» Task item
Without any of its pictures, the listing below should be output exactly.

» Recorded data
= = = = = = =

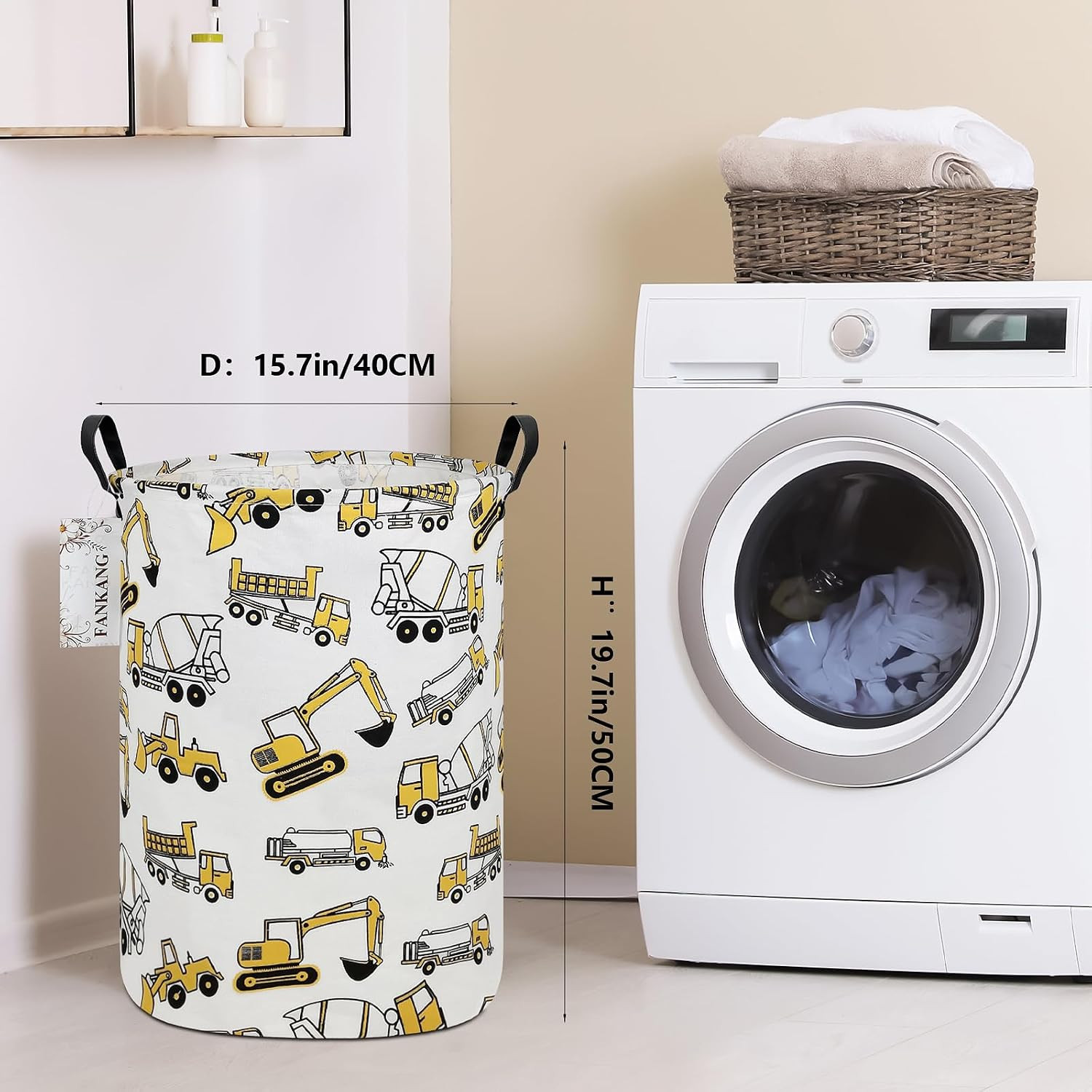 Storage Bin Foldable Nursery Organizer Basket Excavator | Foldable with Waterpro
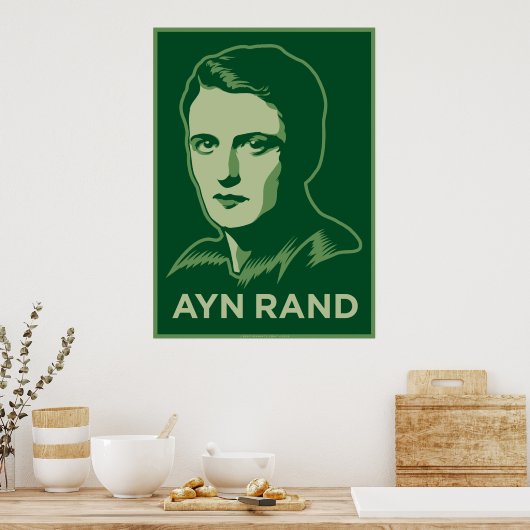 Poster d'Ayn Rand (Cuisine)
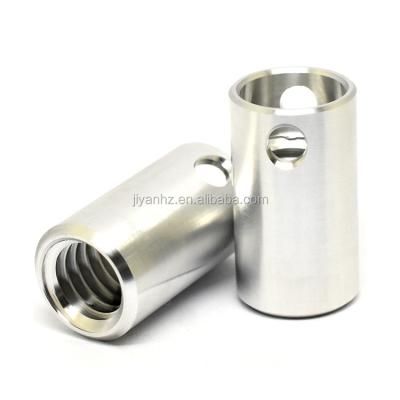 China Home Appliance Equipment Aluminum Rods Parts Internal Threaded Custom Machining CNC To Turn Aluminum Parts for sale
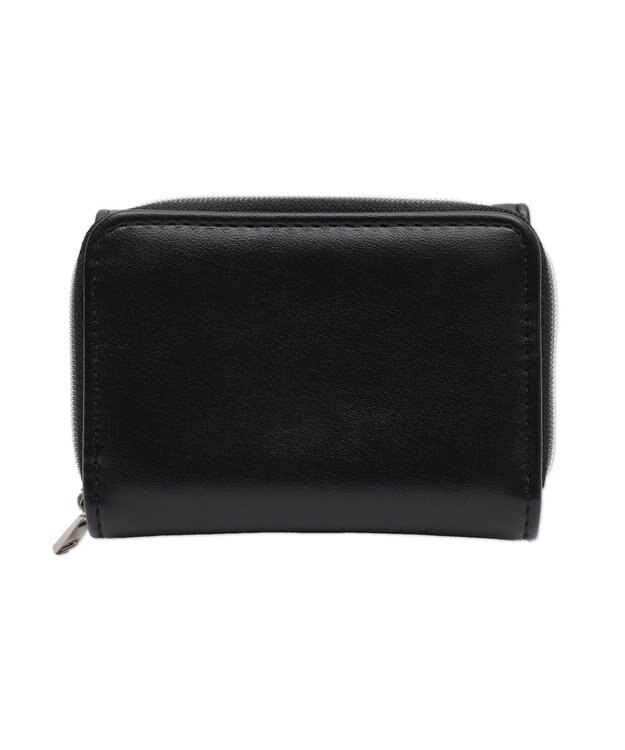 WEGO BIGメタルパーツフラップウォレット ブラック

= = = = = = =

» Response below
 Storage Bin Foldable Nursery Organizer Basket Excavator | Foldable with Waterpro
 Poster d'Ayn Rand (Cuisine)
 China Home Appliance Equipment Aluminum Rods Parts Internal Threaded Custom Machining CNC To Turn Aluminum Parts for sale
 WEGO BIGメタルパーツフラップウォレット ブラック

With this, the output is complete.